• _Data section_
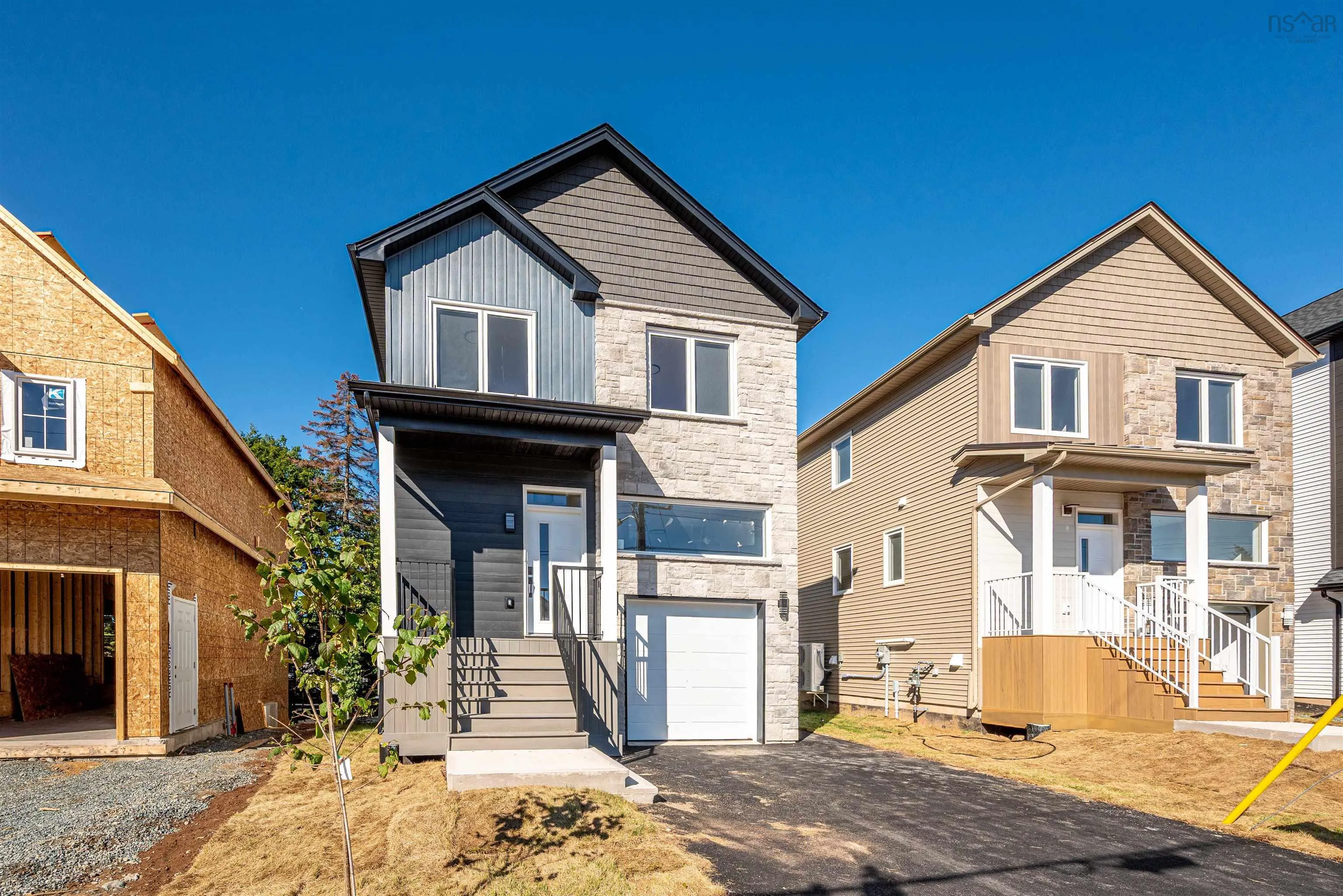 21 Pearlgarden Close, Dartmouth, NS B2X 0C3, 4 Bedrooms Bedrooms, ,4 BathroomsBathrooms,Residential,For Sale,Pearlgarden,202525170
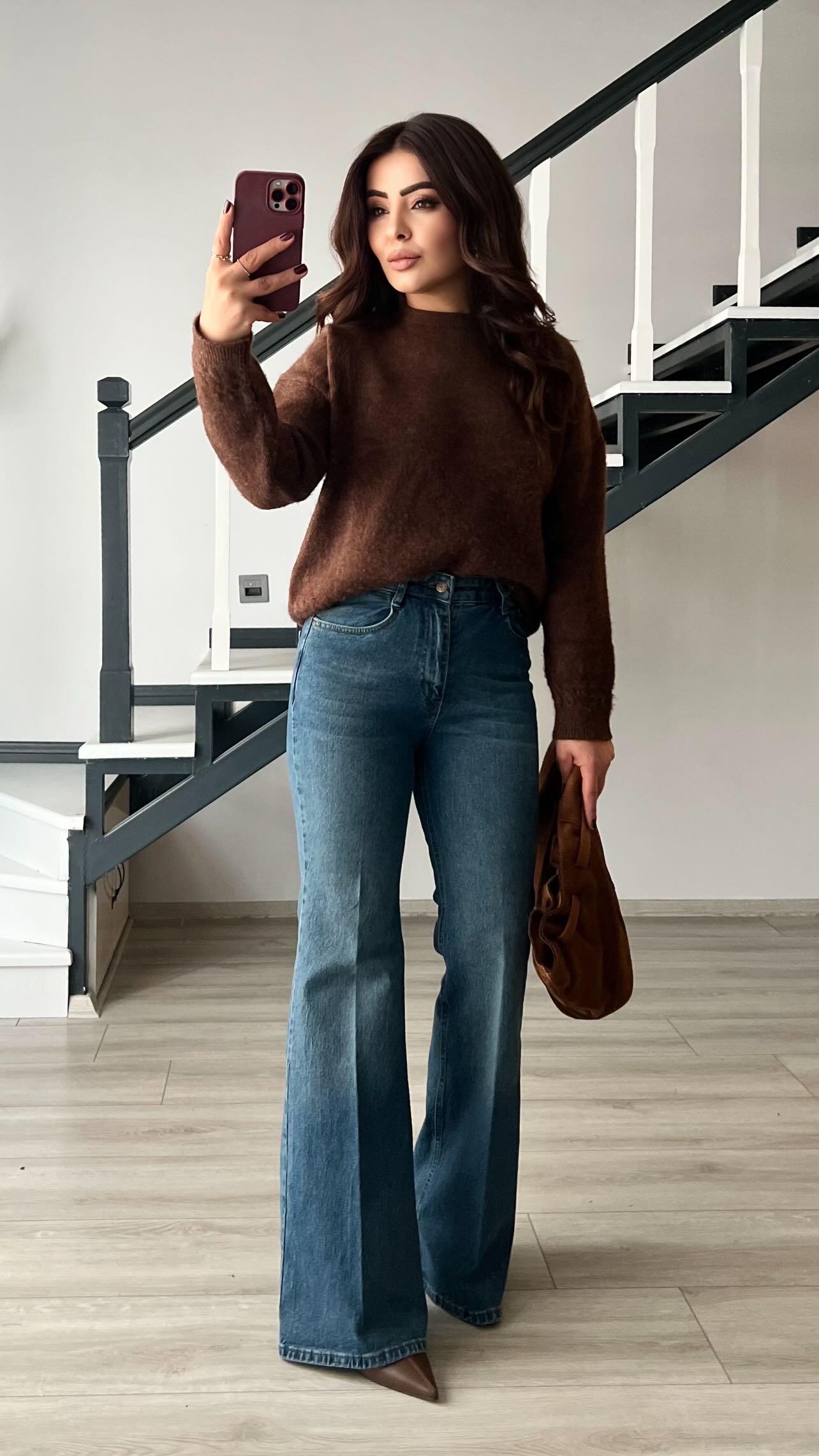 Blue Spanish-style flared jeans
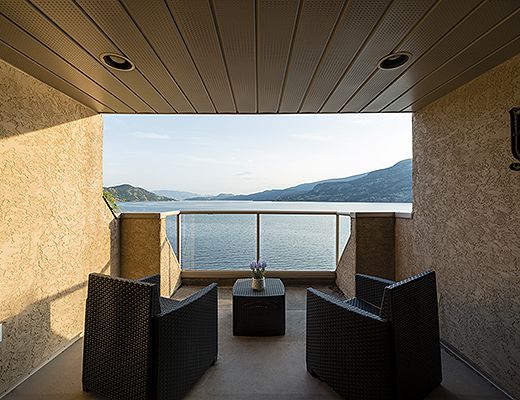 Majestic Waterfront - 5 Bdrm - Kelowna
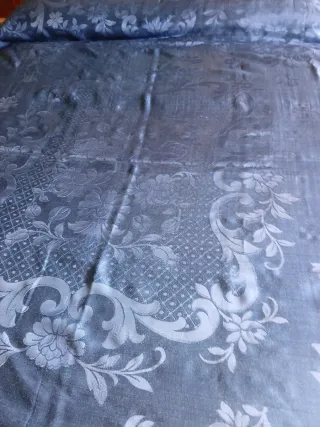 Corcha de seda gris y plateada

• _What you have to do_
Leaving the pictures aside, write out only the lines from the one containing "Blue Spanish-style flared jeans" through the end of the material, exactly as they stand.

• _Written reply_
 Blue Spanish-style flared jeans
 Majestic Waterfront - 5 Bdrm - Kelowna
 Corcha de seda gris y plateada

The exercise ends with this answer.